Olivares expuso sus ideas al Consejo de Estado en una reunión celebrada el 13 de noviembre de 1.625. Después de realizar un breve repaso a la situación internacional, en el que insistió, como medio para poder soportar las presiones de los numerosos enemigos de España, en la necesidad de instar la creación de una Liga de la Alianza con el emperador, los príncipes alemanes amigos y, si las gestiones diplomáticas iniciadas triunfaban, con Polonia, sacó a relucir su importante proyecto de Unión de Armas, explicando que las diferentes partes integrantes de la Monarquía habían de crear una reserva común de 140.000 hombres en base al compromiso de proporcionar y mantener cada una de ellas un número fijo en virtud de sus posibilidades, establecidas por las estimaciones de población de cada zona. El sistema de cuotas proporcionales, que determinaba el número de hombres que debía aportar cada parte de la Corona española, quedó fijado de la siguiente manera:

Cataluña 16.000

Aragón 10.000

Valencia 6.000

Castilla y las Indias 44.000

Portugal 16.000

Nápoles 16.000

Sicilia 6.000

Milán 8.000

Flandes 12.000

Islas del Mediterráneo y del Atlántico 6.000

Esa reserva de 140.000 hombres, aunque no había de estar permanentemente de servicio, sí debía de hallarse siempre disponible para caso de urgencia, de tal forma que, si cualquier parte de la Monarquía era atacada por el enemigo, inmediatamente se movilizaría una séptima parte de ese contingente —20.000 hombres de infantería y 4.000 de caballería— para su defensa, y si era atacada por varios enemigos a la vez, se llamarían a filas tantas séptimas partes del total como arremetidas se recibieran.

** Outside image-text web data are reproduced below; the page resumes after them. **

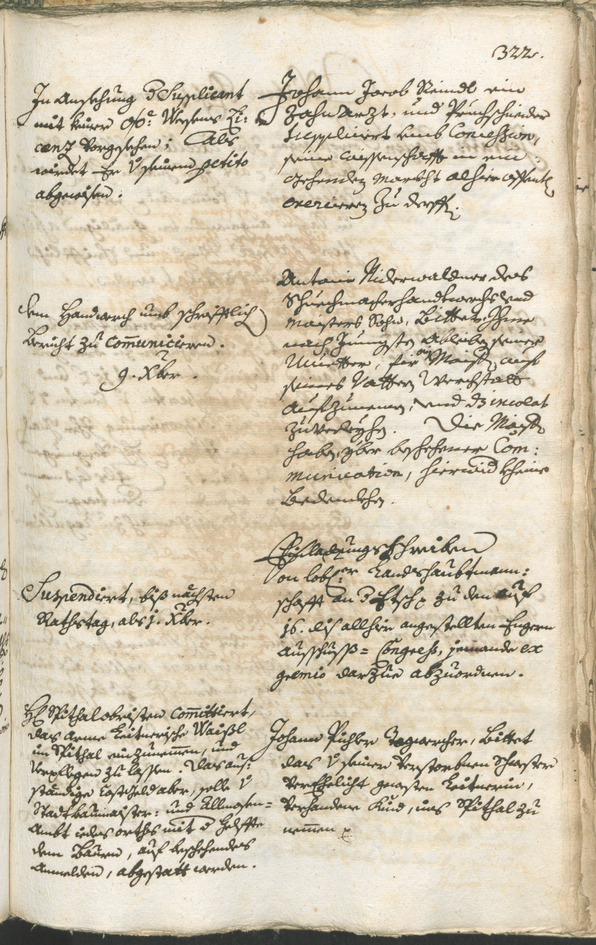 Archivio Storico della Città di Bolzano - BOhisto protocollo consiliare 1738/41 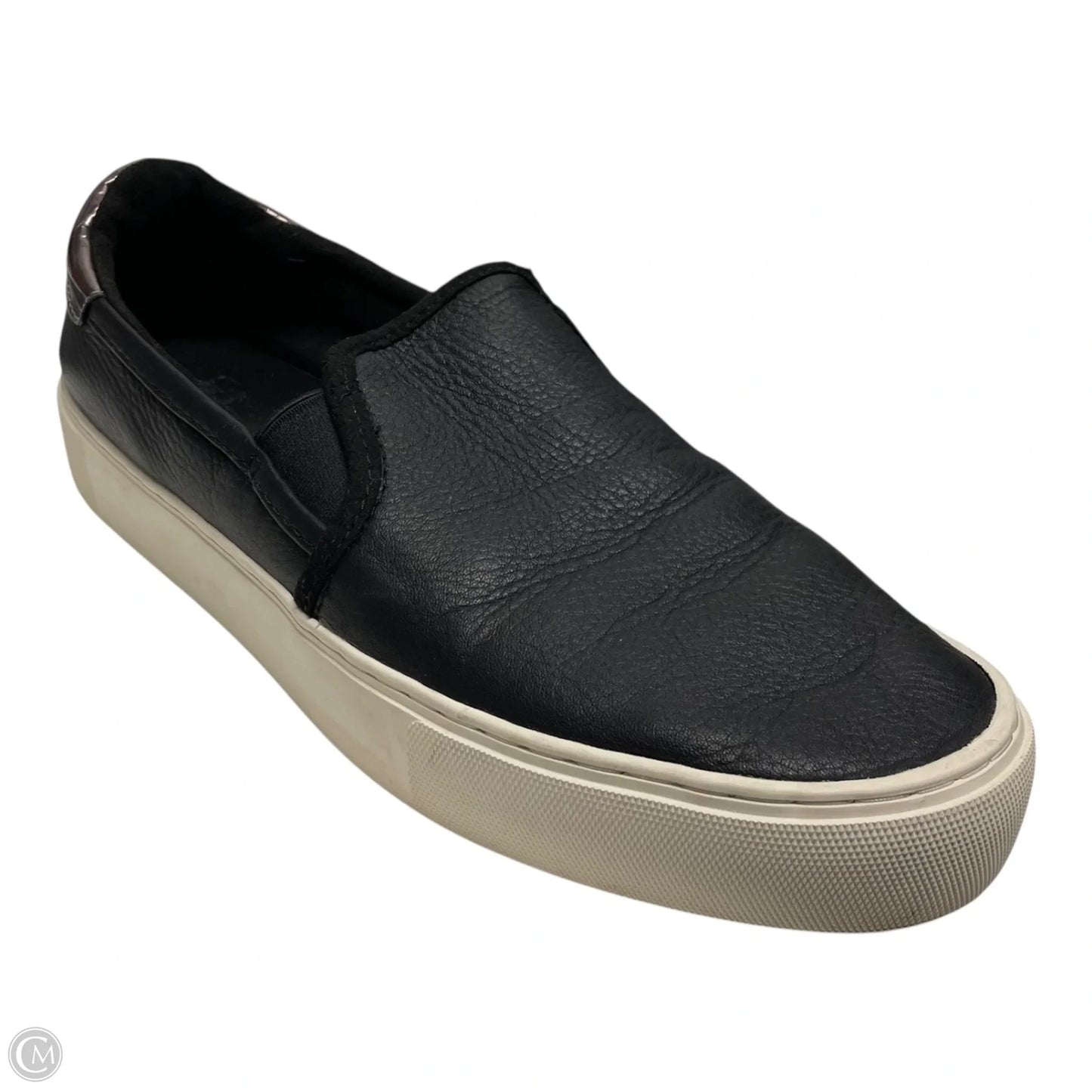 Shoes Designer By Ugg In Black & White, Size: L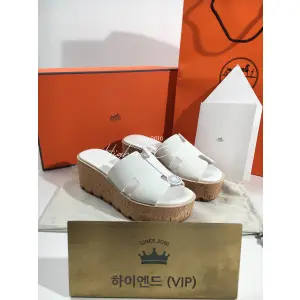 에르메스 에제 30 샌들 (굽 7CM)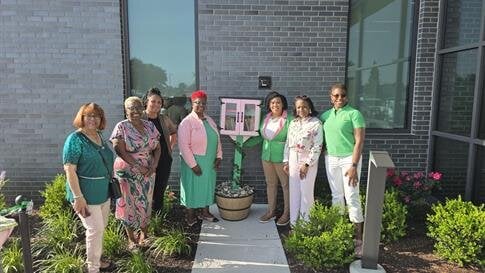 YMCA Toledo Little Lending Library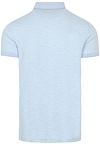 NZA Polo Corbin Lichtblauw Product / Achterkant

Resultaba razonable que un proyecto de tal magnitud fuera presentado para su aprobación a las Cortes de los diferentes reinos en presencia de Felipe IV. Olivares así lo creyó, al menos, de momento, respecto a la Corona de Aragón, de manera que se iniciaron los preparativos de un viaje real para principios de 1.626. El conde-duque estaba convencido de que no existirían grandes problemas para la admisión de la Unión de Armas, pues era un proyecto diseñado sobre el interés mutuo derivado de la existencia de peligros y amenazas exteriores comunes. Pero se equivocaba. Aragón, Valencia y Cataluña no se fiaban de los planes de Olivares, en quien veían un gran peligro para sus privilegios y fueros tradicionales sobre todo ahora que se había extendido el rumor de que su objetivo era instaurar "un rey, una ley, una moneda". En seguida tuvo noticias de las dificultades que le esperaban, de forma que, decidido a sacar adelante su proyecto, resolvió utilizar las medidas de presión o halago necesarias para conseguirlo. Es más, puso en movimiento a diversos personajes preeminentes de cada zona, como al duque de Gandía en Valencia o al de Cardona en Cataluña, con el objeto de que desplegaran todas sus influencias para la formación de un núcleo favorable a las pretensiones del rey y sus ministros.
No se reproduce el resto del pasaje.